__STORED DATA__

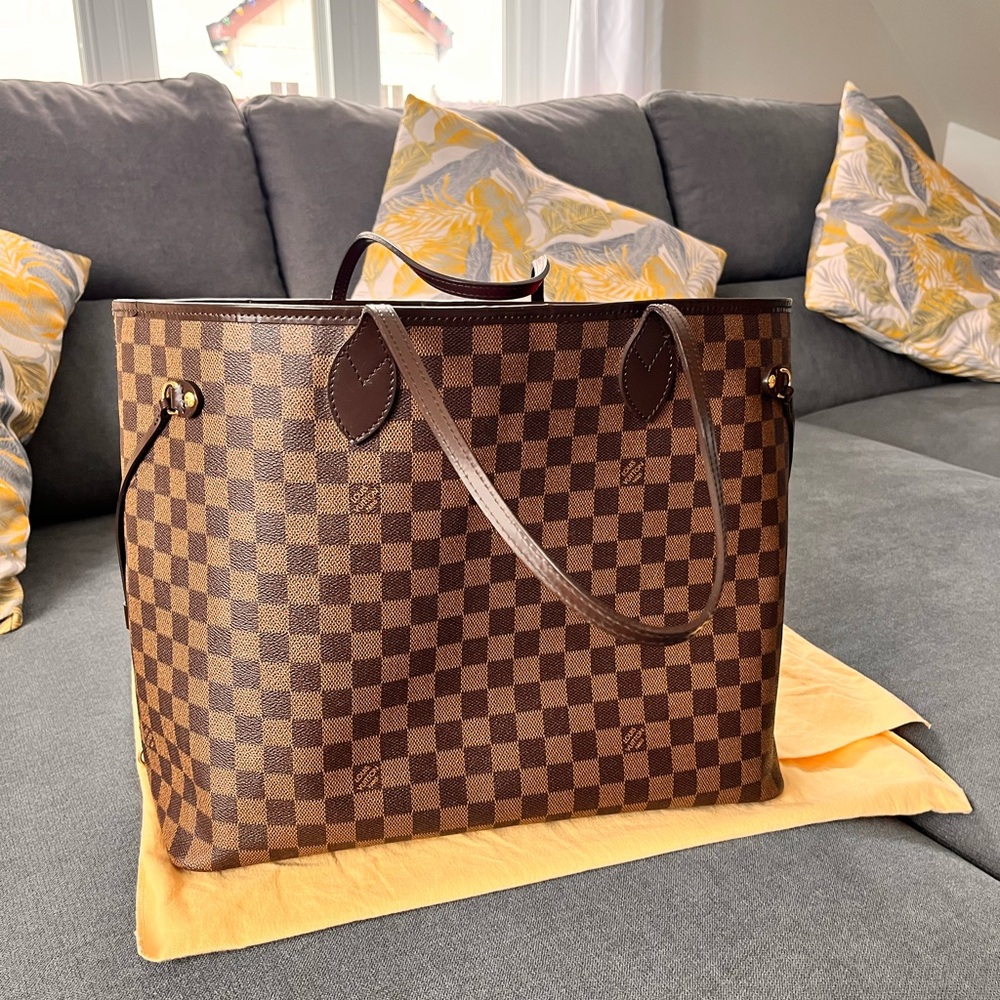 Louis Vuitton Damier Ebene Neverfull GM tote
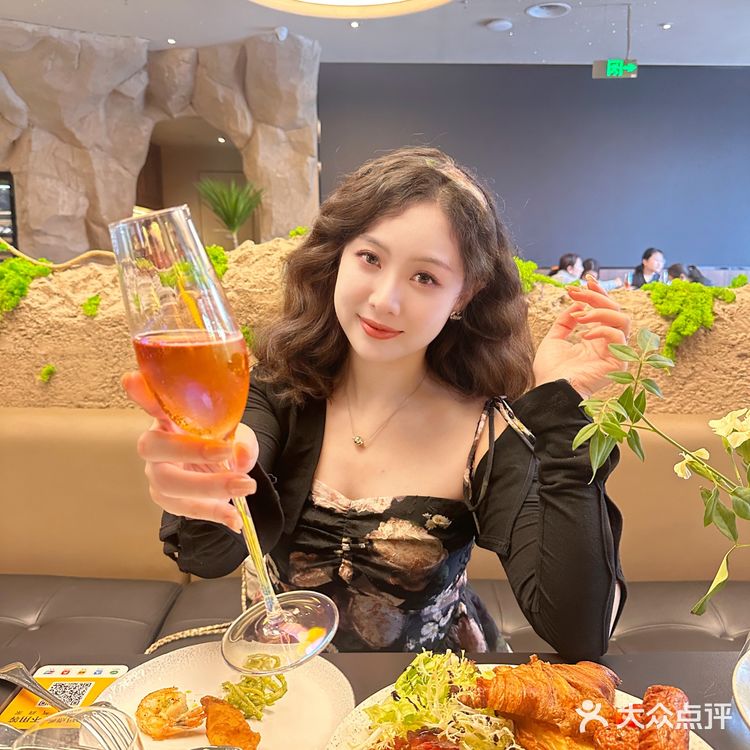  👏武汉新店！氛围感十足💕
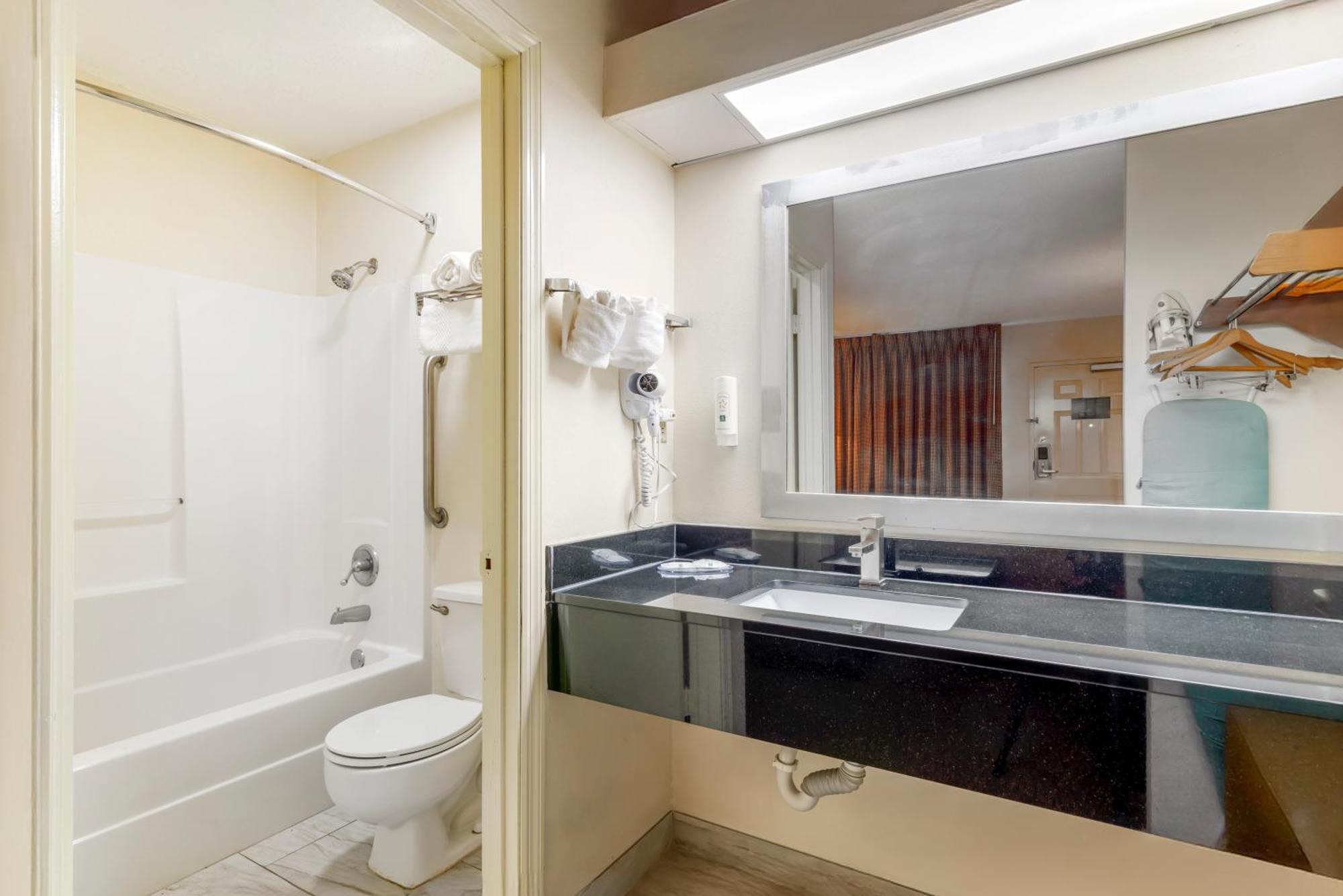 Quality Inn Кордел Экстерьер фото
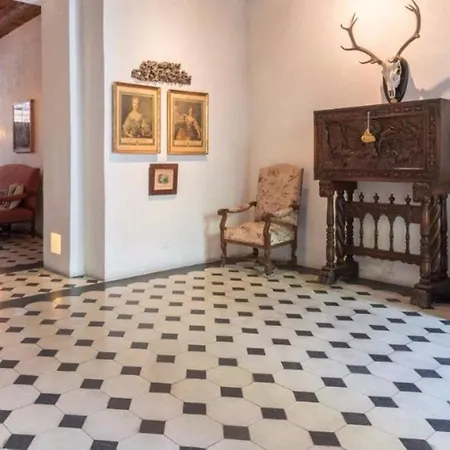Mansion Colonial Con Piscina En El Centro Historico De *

__ABOUT THIS TASK__
From the line with "Quality Inn Кордел Экстерьер фото" to the last line above, restate each line word for word, but skip the pictures.

__OUTPUT FOR THIS EXERCISE__
 Quality Inn Кордел Экстерьер фото
Mansion Colonial Con Piscina En El Centro Historico De *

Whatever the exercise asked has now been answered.